**REQUIRED WORK:** In the records below, begin at the line containing "外観 ◆木漏れ日◆の様な採光" and end at the line containing "Chicago White Sox"; quote every line in that span exactly, including both boundary lines, and no others.

[[ EXERCISE DATA, beginning ]]

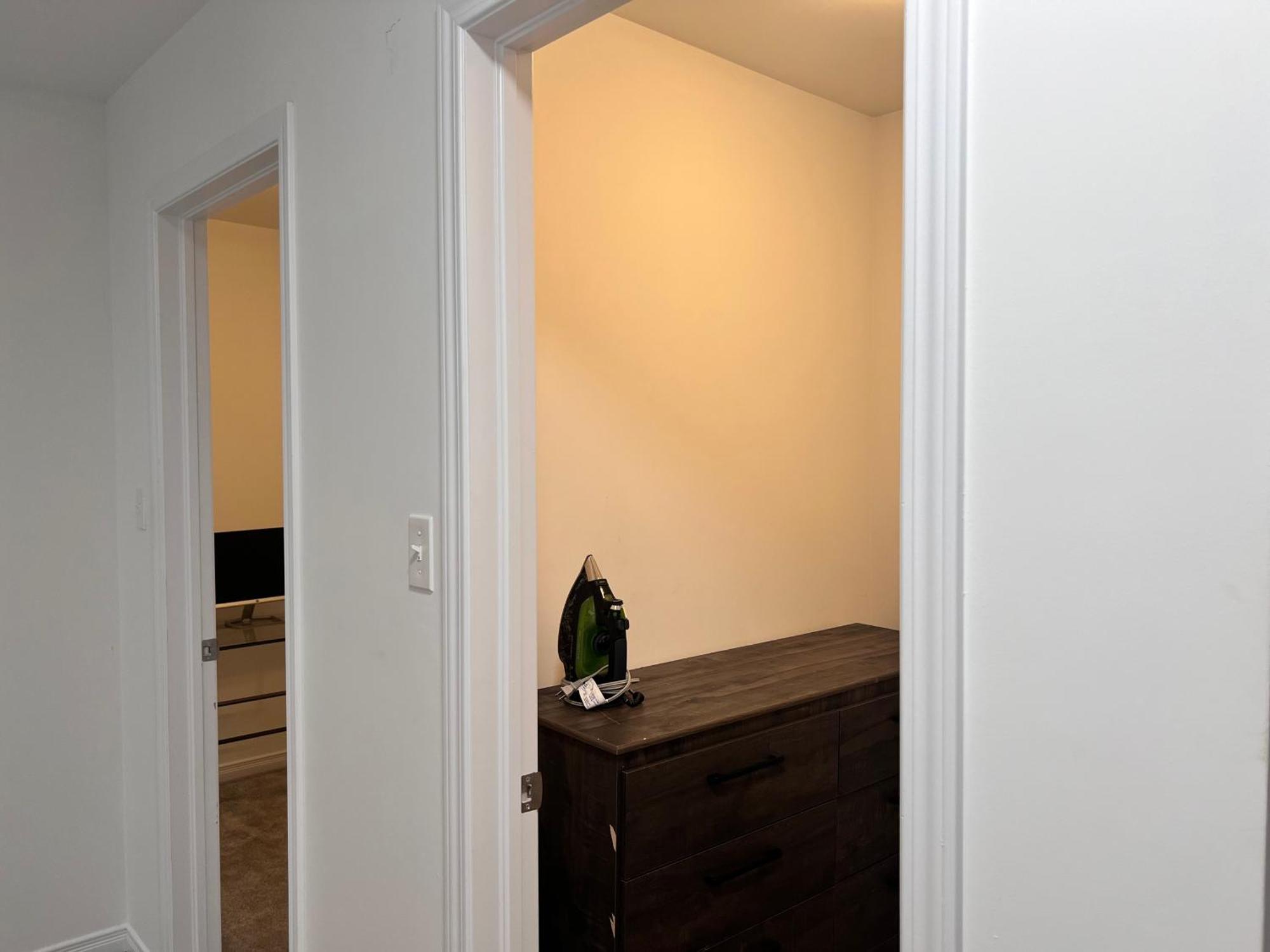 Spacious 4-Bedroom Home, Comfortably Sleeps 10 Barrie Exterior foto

[[ EXERCISE DATA, end ]]
[[ EXERCISE DATA, beginning ]]

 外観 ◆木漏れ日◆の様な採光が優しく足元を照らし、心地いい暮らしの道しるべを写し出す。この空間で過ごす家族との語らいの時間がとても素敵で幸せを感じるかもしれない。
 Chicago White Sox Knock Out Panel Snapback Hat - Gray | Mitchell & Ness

[[ EXERCISE DATA, end ]]
[[ EXERCISE DATA, beginning ]]

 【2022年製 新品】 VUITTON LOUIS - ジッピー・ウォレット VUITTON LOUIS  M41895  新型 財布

[[ EXERCISE DATA, end ]]

**EXERCISE RESPONSE:**
 外観 ◆木漏れ日◆の様な採光が優しく足元を照らし、心地いい暮らしの道しるべを写し出す。この空間で過ごす家族との語らいの時間がとても素敵で幸せを感じるかもしれない。
 Chicago White Sox Knock Out Panel Snapback Hat - Gray | Mitchell & Ness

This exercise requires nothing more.